(Provided records begins)

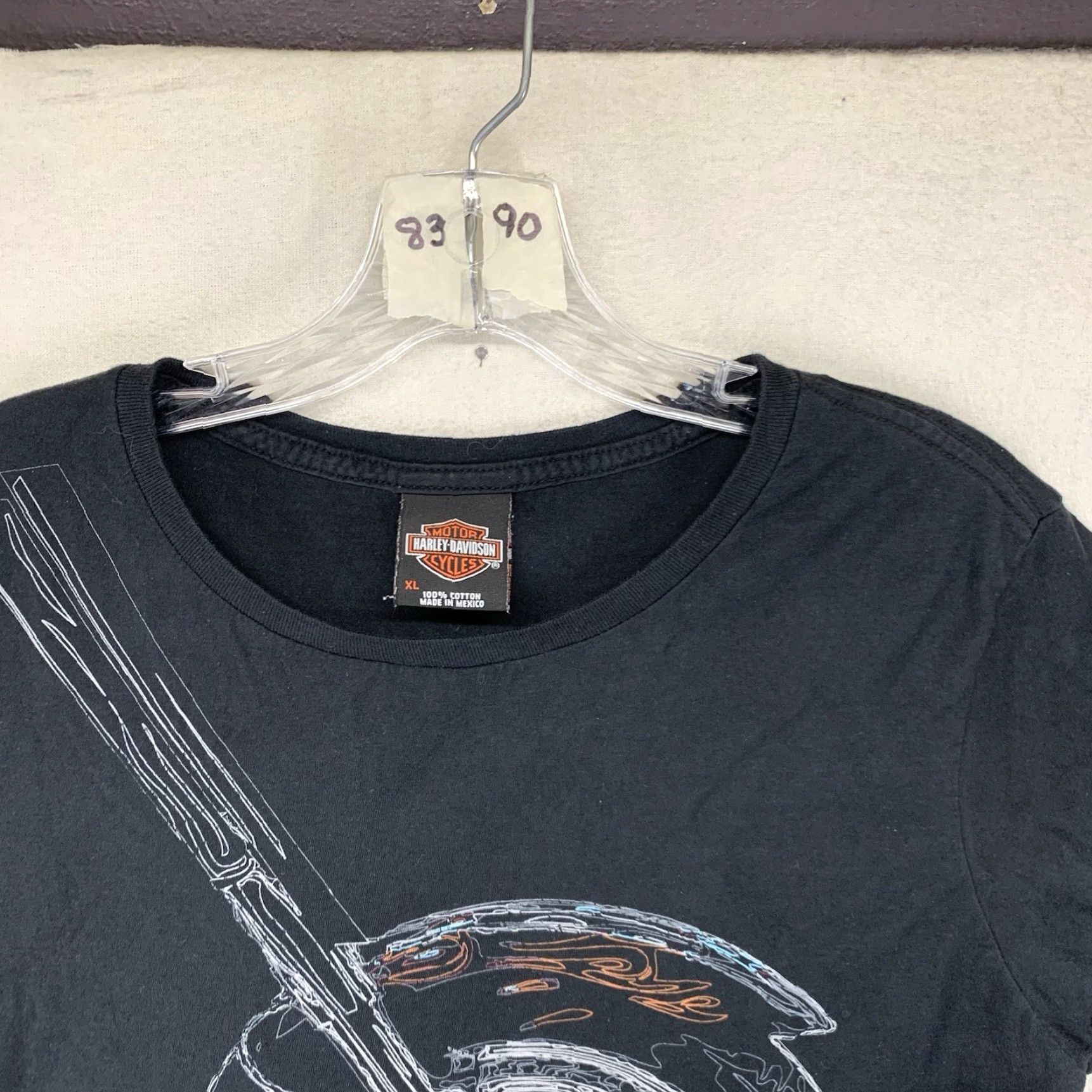 Harley Davidson Harley-Davidson Women's T-Shirt XL Cotton Graphic Angel Biker Motorcycle Retro Art Casual Size XL / US 12-14 / IT 48-50 - 4 Thumbnail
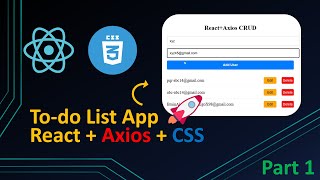 "React To-Do List App Tutorial (Part 1) | Beginner Project with Axios"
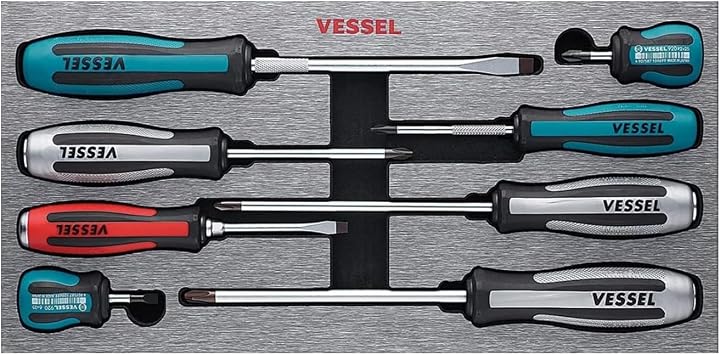 VESSEL MEGADORA IMPACTA Screwdriver 8 PCS SET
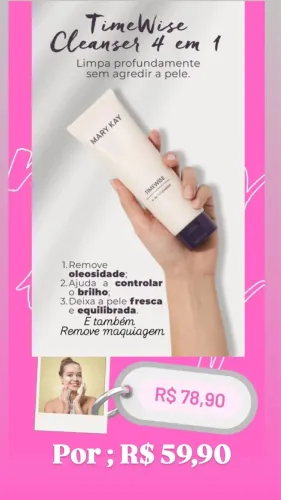 Sabonete facial - TimeWise Cleanser 4 em 1 MaryKay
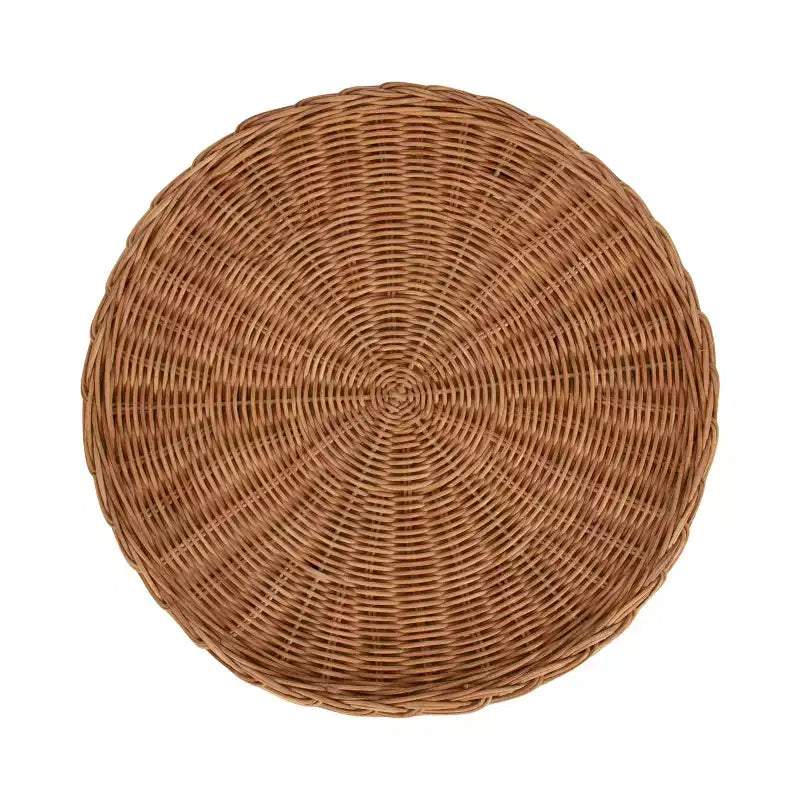 Table d'appoint en rotin de chaume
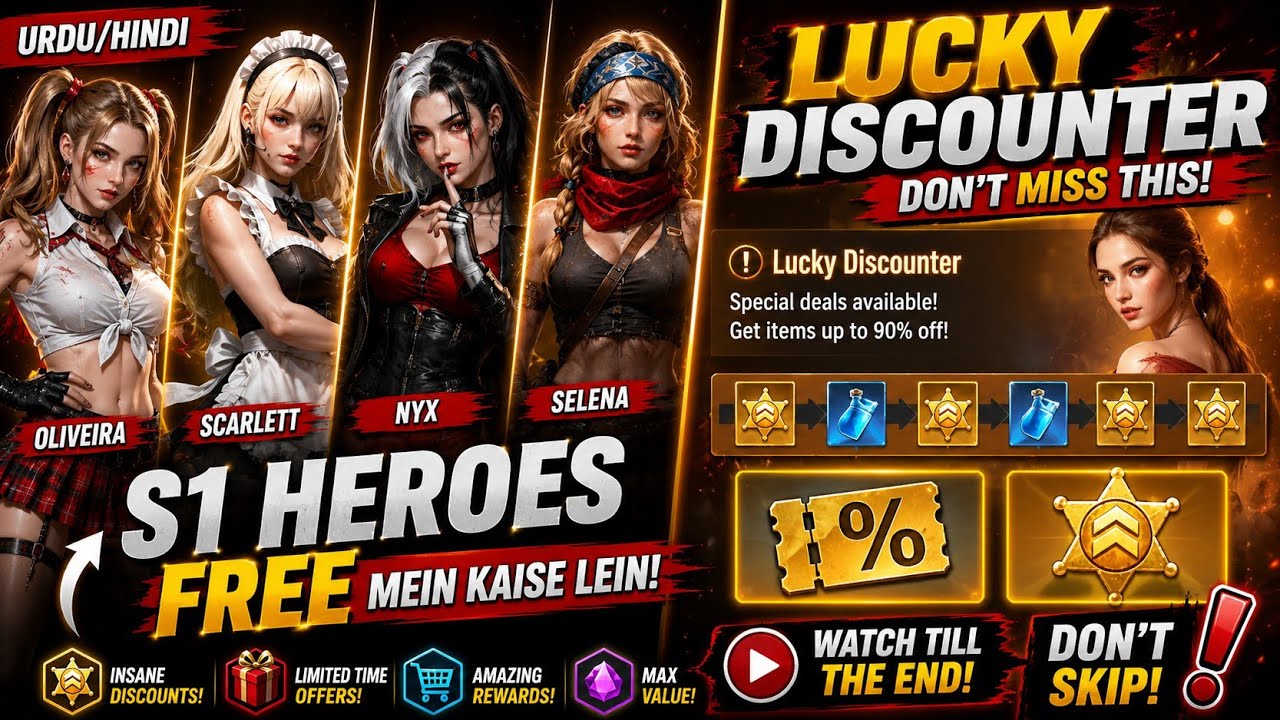 DON&rsquo;T MISS THIS! 🔥 S1 Heroes FREE + Lucky Discounter Tips & Tricks | Last Z
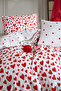 Love 100% Cotton Double Trim Double Sided Duvet Cover Set - 3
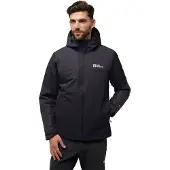 Jack Wolfskin Men's Jasper Ins Jacket Black Kuoritakit M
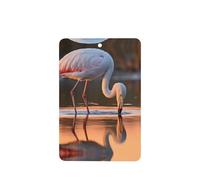 Phayah 4 Pcs Car Fresheners Hanging Flamingo Drinking Water Pattern Lavender Scent Tablets Long Lasting Fragrance Scented Card Rectangle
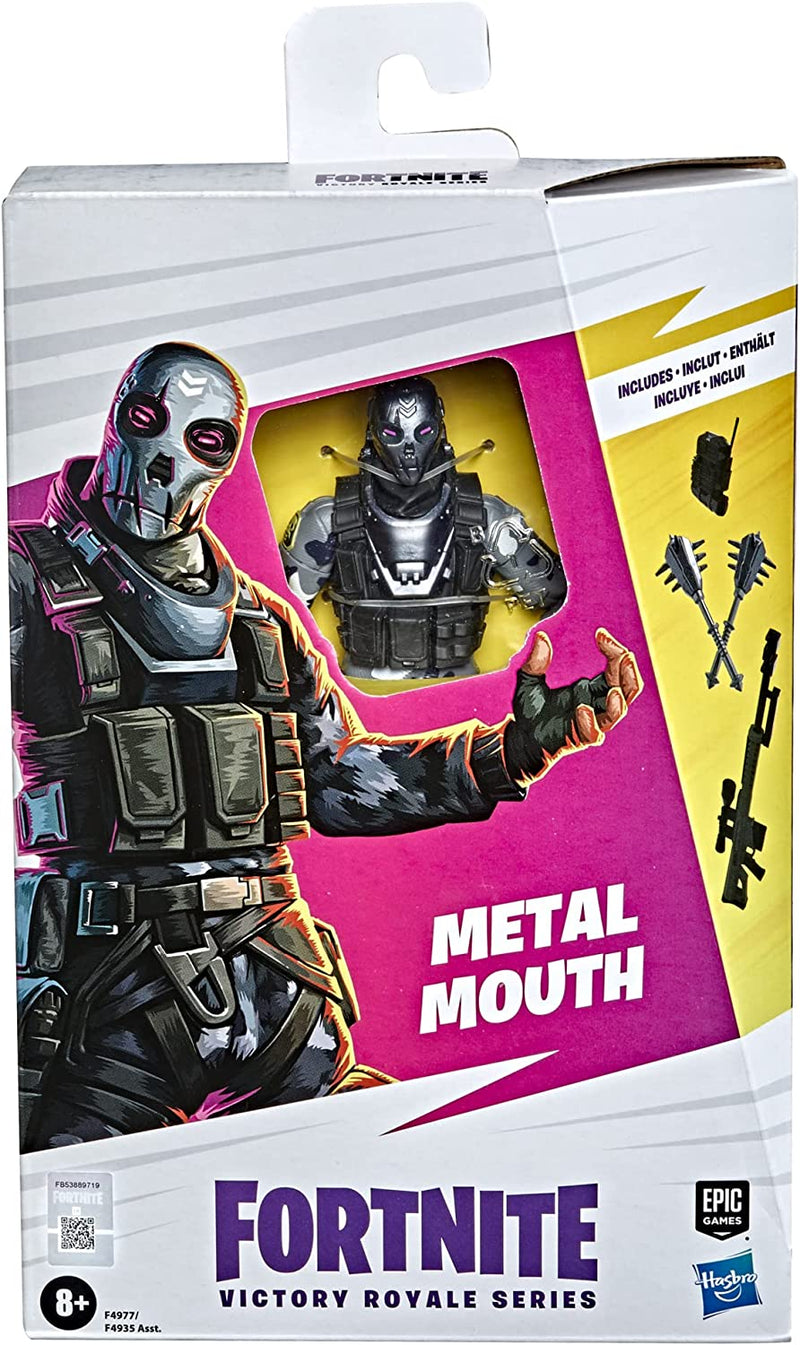Roll over image to zoom in Hasbro Fortnite Victory Royale Series Metal Mouth Collectible Action Figure with Accessories
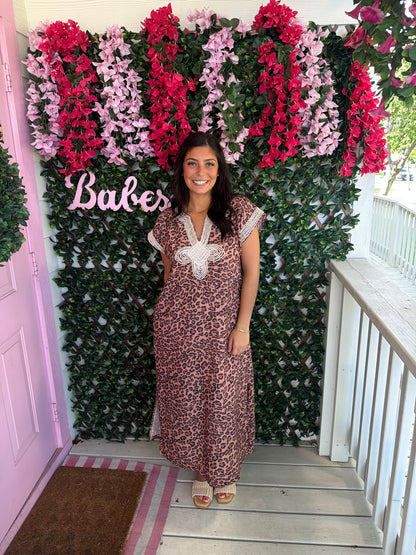 Get Wild Embroidered Dress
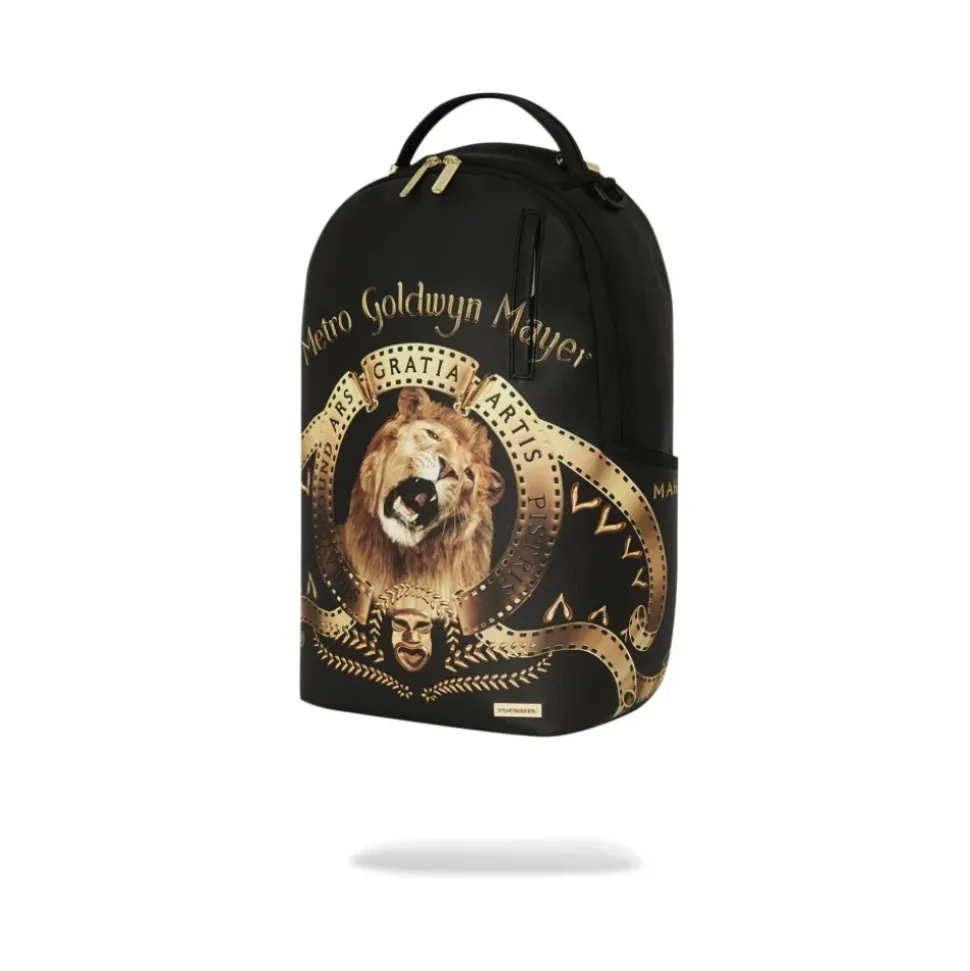 Schwarzer Löwenrucksack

(Provided records ends)

## Task
Repeat each line of the records exactly. Do not include the pictures.

## Exercise result
 Harley Davidson Harley-Davidson Women's T-Shirt XL Cotton Graphic Angel Biker Motorcycle Retro Art Casual Size XL / US 12-14 / IT 48-50 - 4 Thumbnail
 "React To-Do List App Tutorial (Part 1) | Beginner Project with Axios"
 VESSEL MEGADORA IMPACTA Screwdriver 8 PCS SET
 Sabonete facial - TimeWise Cleanser 4 em 1 MaryKay
 Table d'appoint en rotin de chaume
 DON&rsquo;T MISS THIS! 🔥 S1 Heroes FREE + Lucky Discounter Tips & Tricks | Last Z
 Love 100% Cotton Double Trim Double Sided Duvet Cover Set - 3
 Jack Wolfskin Men's Jasper Ins Jacket Black Kuoritakit M
 Phayah 4 Pcs Car Fresheners Hanging Flamingo Drinking Water Pattern Lavender Scent Tablets Long Lasting Fragrance Scented Card Rectangle
Roll over image to zoom in Hasbro Fortnite Victory Royale Series Metal Mouth Collectible Action Figure with Accessories
 Get Wild Embroidered Dress
 Schwarzer Löwenrucksack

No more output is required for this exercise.